Wat houdt de craniosynostosis-operatie in?
Er zijn verschillende opties beschikbaar voor craniosynostosis-chirurgie, een procedure waarbij een chirurg voortijdig gefuseerde schedelplaten corrigeert zodat het hoofd van een baby zich normaal kan ontwikkelen. Deze operatie komt meestal vroeg in het leven voor. Een meer invasieve open procedure was standaard tot de ontwikkeling van succesvolle endoscopische technieken die minder agressief zijn en met minder risico's gepaard gaan.

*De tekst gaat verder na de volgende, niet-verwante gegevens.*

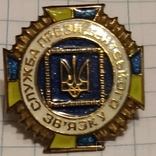 Значок pin пін (важкий метал) СПЗ - Служба Президентського Зв'язку - латунь - фарба - лак, фото №4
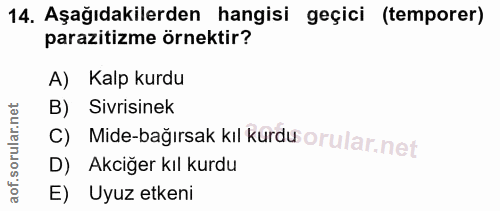 14. soru: Aşağıdakilerden hangisi geçici (temporer) parazitizme örnektir? A) Kalp kurdu B) Sivrisinek C) Mide-bağırsak kıl kurd…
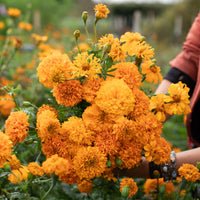 A handful of Marigold ‘La Ribera’.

Een chirurg kan mogelijk op verzoek optreden.
Bij traditionele craniosynostose-chirurgie krijgt de patiënt algemene anesthesie en wordt deze op een operatietafel geplaatst zodat de chirurg toegang heeft tot het relevante deel van de schedel. De chirurg maakt een zigzag-incisie, ontworpen om het uiterlijk van littekens te verminderen door het haar natuurlijker te laten vallen. Vervolgens krijgt de chirurg toegang tot het interessegebied, verwijdert en hervormt het bot en vervangt het vervolgens voordat hij platen en schroeven toevoegt om het op zijn plaats te houden met ruimte om te groeien. Fixatie na de operatie is belangrijk om de schedel te helpen zijn vorm te behouden.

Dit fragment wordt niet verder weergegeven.